Yet, as digital needs have evolved, many wealth management firms have struggled to scale core applications to keep pace with demand. This has resulted in a rise of “bolted on” data structures as applications have continued to grow, many of which rely on on-premises software. Many firms are finding themselves saddled with unwieldy data structures that make data difficult, if not impossible, to access. Additionally, the data structures require undue amounts of time, resources, and project dollars simply to keep the existing physical systems operating.
Despite these challenges, wealth managers recognize the substantial value in data. Data is not only the backbone of their applications, it drives future growth and product innovation.

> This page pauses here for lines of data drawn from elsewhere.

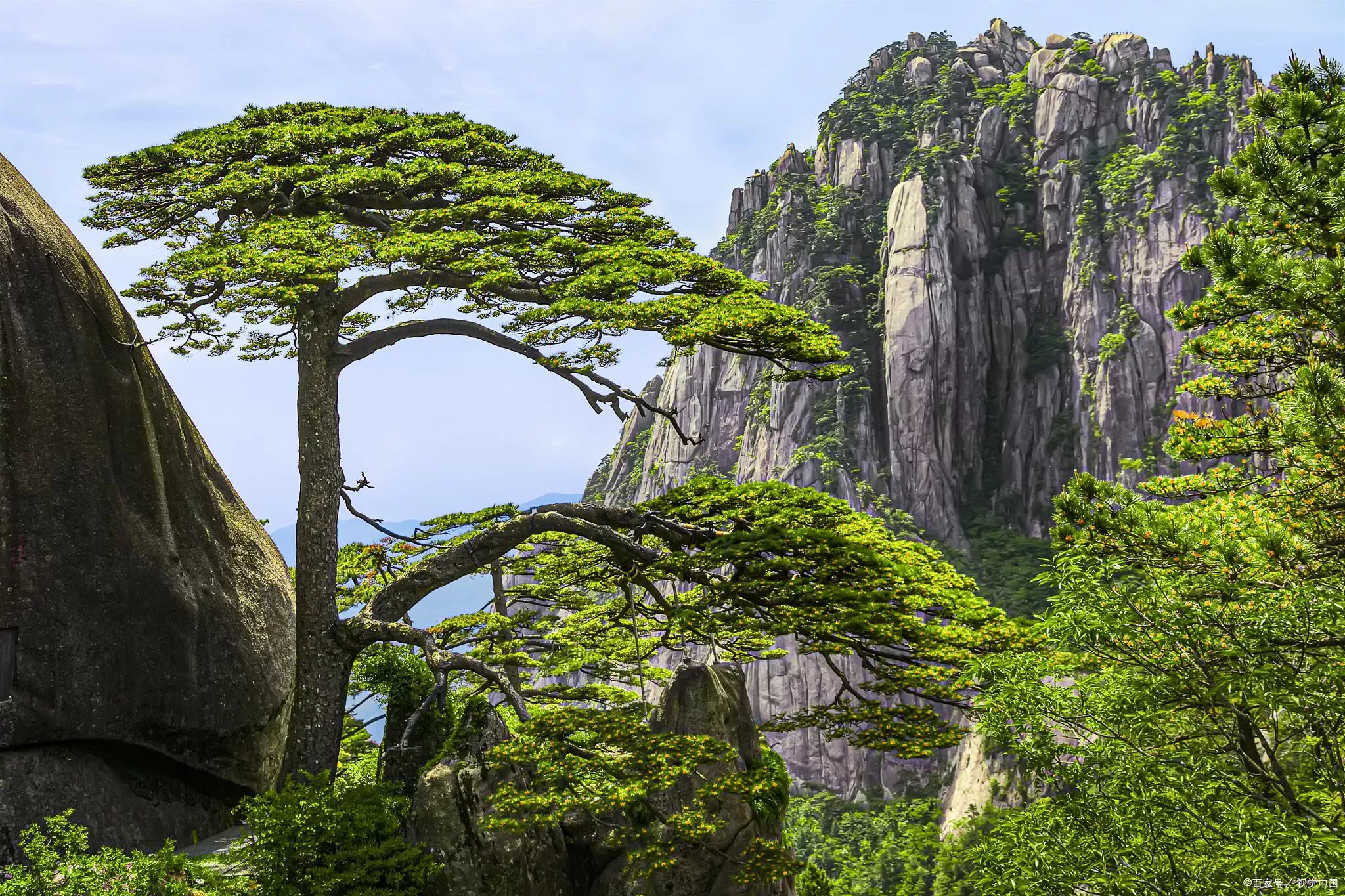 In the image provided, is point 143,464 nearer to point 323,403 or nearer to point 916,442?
point 323,403

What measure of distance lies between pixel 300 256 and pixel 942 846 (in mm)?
23599

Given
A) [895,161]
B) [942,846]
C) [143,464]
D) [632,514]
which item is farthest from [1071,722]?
[895,161]

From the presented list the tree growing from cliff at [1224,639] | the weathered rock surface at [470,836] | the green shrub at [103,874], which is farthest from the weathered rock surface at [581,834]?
the tree growing from cliff at [1224,639]

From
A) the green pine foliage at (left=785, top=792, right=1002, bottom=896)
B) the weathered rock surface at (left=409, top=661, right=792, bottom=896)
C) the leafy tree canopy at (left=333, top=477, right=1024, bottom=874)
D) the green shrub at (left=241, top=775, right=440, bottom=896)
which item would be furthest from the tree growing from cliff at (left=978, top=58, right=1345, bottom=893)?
the green pine foliage at (left=785, top=792, right=1002, bottom=896)

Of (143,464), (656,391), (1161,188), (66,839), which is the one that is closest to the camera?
(66,839)

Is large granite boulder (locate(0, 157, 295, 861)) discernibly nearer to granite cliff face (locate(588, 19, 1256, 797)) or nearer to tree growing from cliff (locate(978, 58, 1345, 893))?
tree growing from cliff (locate(978, 58, 1345, 893))

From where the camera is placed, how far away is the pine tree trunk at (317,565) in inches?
415

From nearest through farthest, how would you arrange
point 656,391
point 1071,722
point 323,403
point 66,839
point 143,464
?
point 1071,722, point 66,839, point 143,464, point 323,403, point 656,391

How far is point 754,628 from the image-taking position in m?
9.74

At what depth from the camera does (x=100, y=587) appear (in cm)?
995

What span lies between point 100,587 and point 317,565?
2.20 m

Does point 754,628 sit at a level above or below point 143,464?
below

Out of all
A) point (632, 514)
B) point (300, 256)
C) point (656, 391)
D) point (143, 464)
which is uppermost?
point (656, 391)

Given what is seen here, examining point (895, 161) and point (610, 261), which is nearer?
point (610, 261) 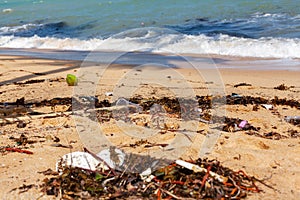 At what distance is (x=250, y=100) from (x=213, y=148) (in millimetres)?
1906

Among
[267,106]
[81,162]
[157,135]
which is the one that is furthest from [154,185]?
[267,106]

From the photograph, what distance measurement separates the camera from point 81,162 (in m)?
2.76

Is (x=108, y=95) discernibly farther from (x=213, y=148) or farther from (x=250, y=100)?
(x=213, y=148)

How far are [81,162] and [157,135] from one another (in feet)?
3.42

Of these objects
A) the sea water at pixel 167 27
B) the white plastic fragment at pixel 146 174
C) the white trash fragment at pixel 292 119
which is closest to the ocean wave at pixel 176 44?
the sea water at pixel 167 27

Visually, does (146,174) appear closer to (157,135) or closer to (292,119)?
(157,135)

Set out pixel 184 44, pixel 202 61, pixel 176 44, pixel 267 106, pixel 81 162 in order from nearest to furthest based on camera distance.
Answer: pixel 81 162
pixel 267 106
pixel 202 61
pixel 184 44
pixel 176 44

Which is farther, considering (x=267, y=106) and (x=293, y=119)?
(x=267, y=106)

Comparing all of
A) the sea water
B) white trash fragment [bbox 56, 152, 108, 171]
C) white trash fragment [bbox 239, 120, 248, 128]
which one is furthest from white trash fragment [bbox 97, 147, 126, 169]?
the sea water

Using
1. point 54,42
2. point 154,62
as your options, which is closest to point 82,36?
point 54,42

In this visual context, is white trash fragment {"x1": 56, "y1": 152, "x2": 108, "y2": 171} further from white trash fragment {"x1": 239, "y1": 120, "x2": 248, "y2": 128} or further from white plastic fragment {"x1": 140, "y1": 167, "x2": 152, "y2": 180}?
white trash fragment {"x1": 239, "y1": 120, "x2": 248, "y2": 128}

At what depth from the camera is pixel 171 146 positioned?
336cm

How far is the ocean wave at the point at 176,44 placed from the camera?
9.66 metres

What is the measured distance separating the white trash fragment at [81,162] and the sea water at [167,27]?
6672 mm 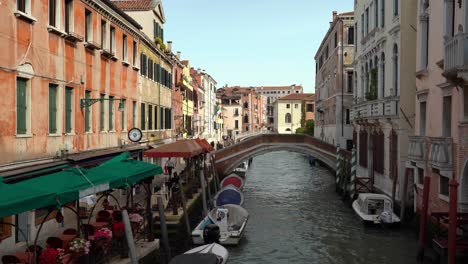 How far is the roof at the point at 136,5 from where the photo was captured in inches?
920

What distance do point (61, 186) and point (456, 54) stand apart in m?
8.04

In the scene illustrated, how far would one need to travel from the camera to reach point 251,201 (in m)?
24.0

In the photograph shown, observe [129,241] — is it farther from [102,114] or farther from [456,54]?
[102,114]

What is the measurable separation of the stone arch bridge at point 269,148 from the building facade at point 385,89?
5.36m

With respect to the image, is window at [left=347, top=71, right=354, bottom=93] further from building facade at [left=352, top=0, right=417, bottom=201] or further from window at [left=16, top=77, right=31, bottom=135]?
window at [left=16, top=77, right=31, bottom=135]

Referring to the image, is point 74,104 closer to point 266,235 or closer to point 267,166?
point 266,235

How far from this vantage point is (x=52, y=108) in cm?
1227

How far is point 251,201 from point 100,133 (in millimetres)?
9929

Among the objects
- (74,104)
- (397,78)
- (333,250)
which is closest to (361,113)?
(397,78)

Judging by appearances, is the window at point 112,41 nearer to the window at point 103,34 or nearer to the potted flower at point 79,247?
the window at point 103,34

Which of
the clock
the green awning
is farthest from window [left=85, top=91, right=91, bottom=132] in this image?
the green awning

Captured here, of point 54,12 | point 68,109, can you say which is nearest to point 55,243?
point 68,109

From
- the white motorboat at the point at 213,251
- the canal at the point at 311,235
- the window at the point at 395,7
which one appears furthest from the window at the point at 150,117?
the white motorboat at the point at 213,251

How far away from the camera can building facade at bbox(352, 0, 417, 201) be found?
1731 centimetres
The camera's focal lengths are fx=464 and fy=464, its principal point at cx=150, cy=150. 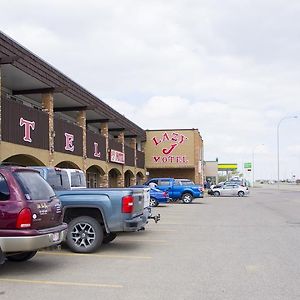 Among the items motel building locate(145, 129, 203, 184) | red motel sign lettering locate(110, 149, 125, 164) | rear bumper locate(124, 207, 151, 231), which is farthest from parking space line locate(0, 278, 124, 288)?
motel building locate(145, 129, 203, 184)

In the pursuit of making customer data actionable, wealth management firms should first address any challenges they may face with regard to data management structures and practices. Data refactoring and service reengineering, which makes data easily accessible for external client insights and internal product innovation, are necessary prior to going to market.
Innovation-focused wealth management firms are coming to an important realization: decomposing data into microservices and API’s at the business domain level is leading to a future in which a marketplace of data and services can drive value and insights both internally and externally. This is a short-term investment that can drive long-term gains.

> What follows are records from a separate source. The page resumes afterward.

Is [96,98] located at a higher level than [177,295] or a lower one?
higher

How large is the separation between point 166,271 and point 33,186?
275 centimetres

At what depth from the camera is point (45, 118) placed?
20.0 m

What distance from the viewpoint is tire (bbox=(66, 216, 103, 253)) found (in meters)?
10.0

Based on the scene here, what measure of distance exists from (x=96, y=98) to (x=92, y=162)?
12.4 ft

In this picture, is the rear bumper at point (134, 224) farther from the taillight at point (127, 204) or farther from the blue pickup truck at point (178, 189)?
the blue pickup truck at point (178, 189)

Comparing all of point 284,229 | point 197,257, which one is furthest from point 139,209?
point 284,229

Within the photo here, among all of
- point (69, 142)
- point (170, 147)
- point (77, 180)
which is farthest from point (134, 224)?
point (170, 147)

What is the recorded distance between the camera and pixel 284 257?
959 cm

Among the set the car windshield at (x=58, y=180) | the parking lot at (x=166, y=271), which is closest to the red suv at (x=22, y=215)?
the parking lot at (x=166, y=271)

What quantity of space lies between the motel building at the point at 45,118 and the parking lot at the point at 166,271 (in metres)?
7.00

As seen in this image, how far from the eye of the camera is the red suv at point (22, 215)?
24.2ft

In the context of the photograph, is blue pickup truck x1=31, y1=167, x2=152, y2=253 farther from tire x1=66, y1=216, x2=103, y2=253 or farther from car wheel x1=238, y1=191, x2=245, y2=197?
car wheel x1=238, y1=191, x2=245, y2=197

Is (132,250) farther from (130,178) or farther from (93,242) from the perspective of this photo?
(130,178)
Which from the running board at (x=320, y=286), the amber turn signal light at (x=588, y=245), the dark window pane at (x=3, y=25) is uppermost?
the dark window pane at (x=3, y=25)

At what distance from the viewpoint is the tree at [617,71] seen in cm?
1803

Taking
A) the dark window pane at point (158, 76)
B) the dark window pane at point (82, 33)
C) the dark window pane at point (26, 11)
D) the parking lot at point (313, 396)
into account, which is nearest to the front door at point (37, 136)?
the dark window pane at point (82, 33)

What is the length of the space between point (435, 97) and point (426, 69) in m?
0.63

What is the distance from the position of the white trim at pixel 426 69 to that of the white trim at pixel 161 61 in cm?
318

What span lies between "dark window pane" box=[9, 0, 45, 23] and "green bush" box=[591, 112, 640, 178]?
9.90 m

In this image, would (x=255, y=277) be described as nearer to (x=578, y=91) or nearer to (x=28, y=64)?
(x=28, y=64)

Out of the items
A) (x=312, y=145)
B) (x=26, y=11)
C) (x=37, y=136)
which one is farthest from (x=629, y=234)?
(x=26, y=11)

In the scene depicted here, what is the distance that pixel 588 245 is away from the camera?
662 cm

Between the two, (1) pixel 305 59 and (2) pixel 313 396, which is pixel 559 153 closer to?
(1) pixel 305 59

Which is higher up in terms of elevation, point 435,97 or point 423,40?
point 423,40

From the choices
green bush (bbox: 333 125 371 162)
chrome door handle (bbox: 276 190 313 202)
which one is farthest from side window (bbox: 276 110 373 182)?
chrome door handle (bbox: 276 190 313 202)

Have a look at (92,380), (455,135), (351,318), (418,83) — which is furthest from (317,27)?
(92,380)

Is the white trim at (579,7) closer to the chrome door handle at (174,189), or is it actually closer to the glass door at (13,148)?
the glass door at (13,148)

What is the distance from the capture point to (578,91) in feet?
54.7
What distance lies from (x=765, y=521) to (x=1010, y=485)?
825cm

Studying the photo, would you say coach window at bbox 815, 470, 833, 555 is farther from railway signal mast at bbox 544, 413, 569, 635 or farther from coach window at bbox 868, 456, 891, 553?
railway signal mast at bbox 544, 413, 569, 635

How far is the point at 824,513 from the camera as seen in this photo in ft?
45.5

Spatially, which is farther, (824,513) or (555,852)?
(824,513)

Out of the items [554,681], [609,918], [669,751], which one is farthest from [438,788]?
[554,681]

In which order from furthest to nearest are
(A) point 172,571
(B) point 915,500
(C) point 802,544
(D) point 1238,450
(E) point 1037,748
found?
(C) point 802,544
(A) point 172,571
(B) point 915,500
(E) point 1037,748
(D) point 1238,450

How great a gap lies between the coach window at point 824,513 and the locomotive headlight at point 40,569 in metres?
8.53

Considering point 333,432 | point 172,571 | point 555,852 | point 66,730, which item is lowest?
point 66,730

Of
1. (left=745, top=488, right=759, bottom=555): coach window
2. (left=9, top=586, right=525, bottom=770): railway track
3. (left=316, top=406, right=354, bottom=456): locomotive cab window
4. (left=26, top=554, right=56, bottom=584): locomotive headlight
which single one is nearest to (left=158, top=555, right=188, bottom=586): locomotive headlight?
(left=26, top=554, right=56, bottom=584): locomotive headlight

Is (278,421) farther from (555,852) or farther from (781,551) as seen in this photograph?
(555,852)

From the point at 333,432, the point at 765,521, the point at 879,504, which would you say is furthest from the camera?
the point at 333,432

More than 70% of Fortune 500 companies are still heavily utilizing mainframes, but many recognize the benefits of a cloud or hybrid cloud environment to manage data. And with a migration, those firms have an opportunity to reengineer systems. The challenge becomes how to replace the engines on a plane while it is still in the air. Taking a system offline for six months while it is being reengineered isn’t acceptable in most cases. This is where a clear target state architecture that includes microservices with APIs on the front end and data organized by domains with context boundaries on the back end becomes vitally important.

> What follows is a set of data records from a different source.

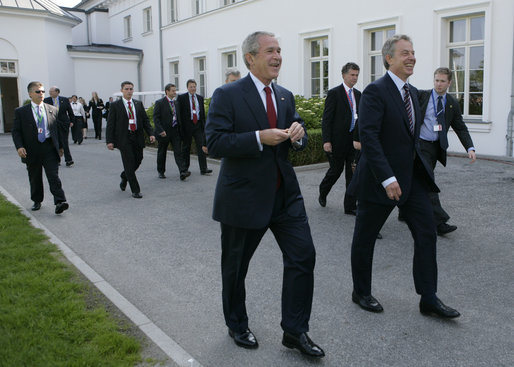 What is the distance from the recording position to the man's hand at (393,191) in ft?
12.8

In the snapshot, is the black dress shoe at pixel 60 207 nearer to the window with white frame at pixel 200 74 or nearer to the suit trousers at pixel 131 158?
the suit trousers at pixel 131 158

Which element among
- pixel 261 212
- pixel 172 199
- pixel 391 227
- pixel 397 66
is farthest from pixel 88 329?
pixel 172 199

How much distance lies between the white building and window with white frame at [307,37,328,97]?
0.12ft

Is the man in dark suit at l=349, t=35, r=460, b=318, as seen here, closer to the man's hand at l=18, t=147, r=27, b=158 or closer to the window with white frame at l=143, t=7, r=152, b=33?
the man's hand at l=18, t=147, r=27, b=158

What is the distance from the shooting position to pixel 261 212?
3488 millimetres

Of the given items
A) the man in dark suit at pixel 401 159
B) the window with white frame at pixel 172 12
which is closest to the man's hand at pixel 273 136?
→ the man in dark suit at pixel 401 159

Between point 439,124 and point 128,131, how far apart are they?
18.7 feet

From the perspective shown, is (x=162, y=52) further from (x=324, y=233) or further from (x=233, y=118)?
(x=233, y=118)

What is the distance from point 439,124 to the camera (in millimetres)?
6094

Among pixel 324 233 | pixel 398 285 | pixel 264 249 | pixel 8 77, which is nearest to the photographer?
pixel 398 285

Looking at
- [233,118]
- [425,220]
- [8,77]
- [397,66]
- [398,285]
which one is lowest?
[398,285]

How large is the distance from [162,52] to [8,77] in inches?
318

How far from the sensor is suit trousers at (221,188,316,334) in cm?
351

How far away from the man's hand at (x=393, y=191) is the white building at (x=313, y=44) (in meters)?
10.2
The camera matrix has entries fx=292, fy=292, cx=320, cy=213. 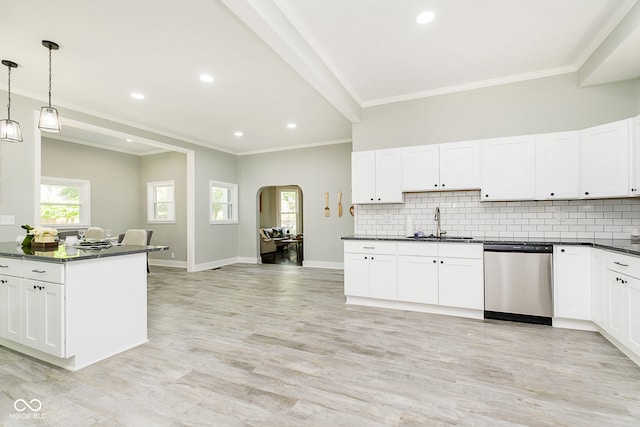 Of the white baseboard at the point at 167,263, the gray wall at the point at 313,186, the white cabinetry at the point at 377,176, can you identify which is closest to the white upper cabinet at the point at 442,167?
the white cabinetry at the point at 377,176

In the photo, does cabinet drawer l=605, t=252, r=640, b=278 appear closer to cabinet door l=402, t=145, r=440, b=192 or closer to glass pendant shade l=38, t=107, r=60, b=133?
cabinet door l=402, t=145, r=440, b=192

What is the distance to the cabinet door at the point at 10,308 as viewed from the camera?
98.2 inches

Once the vision is set, an iterative cloud migration with in-kind testing between existing and target services comes into play. As services are built and data is transformed, front-end systems can begin to methodically migrate to the target state. The safety net is in replicating data back on-premises so that a canary approach to service migration may be taken (i.e., move 10% of users to the target system and then fail back if smoke is detected). This is a heavy lift in the best of circumstances. However, bringing the right expertise to the table with a proven track record can greatly mitigate risk for this type of effort.
Long Term Benefits
There are many benefits associated with putting the right data closer to the customer and end users. In the future, this will allow large institutions to be nimbler as they develop applications, localize problem resolution, and accelerate innovation. Benefits will be seen in dollars saved and new revenue generated. The days of standing up entire initiatives just to get to the right data set and ownership are waning. Winning organizations will be those who are able to go to market with the speed to meet the demands of data-hungry customers.